I have been crucified with Christ and I no longer live, but Christ lives in me. The life I live in the body, I live by faith in the Son of God, who loved me and gave himself for me.

Galatians 2:20 (NIV)
We have died with Christ, our new life exists in him. This changes our perspective on the world: its glories and its troubles. The Apostle John writes,
Do not love the world or anything in the world. If anyone loves the world, the love of the Father is not in him. For everything in the world — the cravings of sinful man, the lust of his eyes and the boasting of what he has and does — comes not from the Father but from the world. The world and its desires pass away, but the man who does the will of God lives forever.

1 John 2:15-17 (NIV)
The media tells us we live in troubling or even extraordinary times. History and Scripture present a different story. History tells us that every generation faces its own challenges. Whether men struggle for glory or survival, they arrive at the same place – the grave.

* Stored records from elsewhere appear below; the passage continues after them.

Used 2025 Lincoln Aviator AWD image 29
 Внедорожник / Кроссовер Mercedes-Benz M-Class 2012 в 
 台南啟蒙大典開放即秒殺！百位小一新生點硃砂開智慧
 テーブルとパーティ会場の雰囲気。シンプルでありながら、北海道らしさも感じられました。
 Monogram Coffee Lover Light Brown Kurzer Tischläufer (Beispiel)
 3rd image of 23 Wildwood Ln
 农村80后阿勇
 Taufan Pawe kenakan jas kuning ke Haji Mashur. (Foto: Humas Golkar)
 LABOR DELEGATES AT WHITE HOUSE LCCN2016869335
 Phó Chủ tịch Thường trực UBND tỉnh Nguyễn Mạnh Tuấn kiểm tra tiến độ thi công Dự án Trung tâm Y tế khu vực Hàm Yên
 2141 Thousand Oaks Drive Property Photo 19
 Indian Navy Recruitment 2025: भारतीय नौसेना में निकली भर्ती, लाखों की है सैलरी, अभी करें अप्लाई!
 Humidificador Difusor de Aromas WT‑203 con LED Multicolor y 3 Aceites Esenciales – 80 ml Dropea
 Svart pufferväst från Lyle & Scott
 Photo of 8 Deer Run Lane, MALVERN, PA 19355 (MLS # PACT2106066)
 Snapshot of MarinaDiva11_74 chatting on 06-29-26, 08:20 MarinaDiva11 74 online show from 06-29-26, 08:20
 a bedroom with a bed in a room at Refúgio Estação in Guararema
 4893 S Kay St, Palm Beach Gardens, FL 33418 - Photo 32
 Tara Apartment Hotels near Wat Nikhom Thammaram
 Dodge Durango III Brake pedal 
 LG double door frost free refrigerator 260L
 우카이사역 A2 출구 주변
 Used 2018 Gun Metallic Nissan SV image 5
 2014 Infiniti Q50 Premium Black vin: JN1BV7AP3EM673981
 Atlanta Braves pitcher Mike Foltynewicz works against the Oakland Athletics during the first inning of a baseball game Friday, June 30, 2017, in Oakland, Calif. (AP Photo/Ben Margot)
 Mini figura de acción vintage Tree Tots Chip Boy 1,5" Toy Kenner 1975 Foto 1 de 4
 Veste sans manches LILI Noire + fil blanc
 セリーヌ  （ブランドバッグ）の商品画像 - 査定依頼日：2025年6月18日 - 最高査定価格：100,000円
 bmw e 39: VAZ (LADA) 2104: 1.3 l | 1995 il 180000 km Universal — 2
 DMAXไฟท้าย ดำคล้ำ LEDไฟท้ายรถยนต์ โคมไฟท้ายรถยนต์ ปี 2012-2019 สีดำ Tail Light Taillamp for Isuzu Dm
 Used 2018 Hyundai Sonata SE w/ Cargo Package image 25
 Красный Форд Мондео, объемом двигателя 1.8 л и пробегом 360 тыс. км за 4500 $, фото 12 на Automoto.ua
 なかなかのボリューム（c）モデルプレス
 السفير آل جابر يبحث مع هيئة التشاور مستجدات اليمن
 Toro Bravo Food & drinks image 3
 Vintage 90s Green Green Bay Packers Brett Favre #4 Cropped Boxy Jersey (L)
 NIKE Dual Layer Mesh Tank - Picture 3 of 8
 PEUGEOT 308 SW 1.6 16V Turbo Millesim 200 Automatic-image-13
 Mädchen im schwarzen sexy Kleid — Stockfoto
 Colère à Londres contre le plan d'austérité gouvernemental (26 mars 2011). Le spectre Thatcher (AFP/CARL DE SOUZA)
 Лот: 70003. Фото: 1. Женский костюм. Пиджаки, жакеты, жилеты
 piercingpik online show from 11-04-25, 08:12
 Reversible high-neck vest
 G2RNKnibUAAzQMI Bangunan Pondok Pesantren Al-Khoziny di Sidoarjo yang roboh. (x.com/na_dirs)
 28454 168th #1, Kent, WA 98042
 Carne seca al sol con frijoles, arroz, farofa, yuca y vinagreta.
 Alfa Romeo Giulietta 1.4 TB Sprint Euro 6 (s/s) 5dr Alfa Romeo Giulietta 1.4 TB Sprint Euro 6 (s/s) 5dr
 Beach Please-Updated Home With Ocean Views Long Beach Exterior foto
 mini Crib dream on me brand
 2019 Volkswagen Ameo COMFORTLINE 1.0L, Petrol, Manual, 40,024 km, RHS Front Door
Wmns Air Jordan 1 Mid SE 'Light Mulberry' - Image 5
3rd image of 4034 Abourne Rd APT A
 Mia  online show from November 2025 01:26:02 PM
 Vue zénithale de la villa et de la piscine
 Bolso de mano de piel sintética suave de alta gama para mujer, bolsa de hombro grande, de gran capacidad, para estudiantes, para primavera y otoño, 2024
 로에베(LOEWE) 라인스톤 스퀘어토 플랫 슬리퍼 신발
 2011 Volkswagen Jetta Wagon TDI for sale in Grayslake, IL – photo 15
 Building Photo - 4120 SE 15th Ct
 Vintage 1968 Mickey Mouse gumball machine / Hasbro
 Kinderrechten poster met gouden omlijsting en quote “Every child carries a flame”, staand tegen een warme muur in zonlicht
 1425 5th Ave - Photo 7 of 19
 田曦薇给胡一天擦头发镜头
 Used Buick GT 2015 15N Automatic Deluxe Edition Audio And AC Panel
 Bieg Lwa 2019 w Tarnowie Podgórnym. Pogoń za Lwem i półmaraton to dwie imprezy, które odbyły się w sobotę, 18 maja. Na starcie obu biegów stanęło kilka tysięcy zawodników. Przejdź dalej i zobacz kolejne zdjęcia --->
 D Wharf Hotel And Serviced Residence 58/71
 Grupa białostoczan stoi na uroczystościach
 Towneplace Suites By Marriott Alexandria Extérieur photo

Scripture enlightens history explaining that mankind lives under the curse of sin. Because Adam rebelled against God, his descendants are born into hopelessness. The end of man is death because the wages of sin is death. Between birth and death, men experience the same choices as those who came before them. Some men behave according to their innate knowledge of a God who will judge unrighteousness. However, before God’s righteous judgment no man will stand. The cycle of grief begins with birth and ends in judgment. The world will see troubling times; the world will recognize trouble because it has also seen peaceful and prosperous times. Neither is extraordinary; they are just divergent paths to the same end.

What has been will be again,
what has been done will be done again;
there is nothing new under the sun.

Yet in the midst of human frailty, God offers man one extraordinary opportunity: “Believe in the Lord Jesus and you will be saved.” Acts 16:31 (NIV)

Accepting Christ means that we die to ourselves, to our sin, and to the world system. Earthly interests pale in comparison to possessing new life in Jesus Christ. The eternal exceeds the temporal.

When we as believers in Jesus Christ see our world in turmoil, for what do we hope? Do we hope for the day when God will alleviate the trouble so that our lives can continue in comfort? Do we love the world so much that we want to fix or have God fix what we think is broken? Do we just want to survive in peace?

Or do we hope for the day of Jesus’ appearing?
For the Son of Man is going to come in his Father's glory with his angels, and then he will reward each person according to what he has done.
Have we denied ourselves, taken up our crosses, and followed him? Are we obedient unto death? Or have we squandered our lives?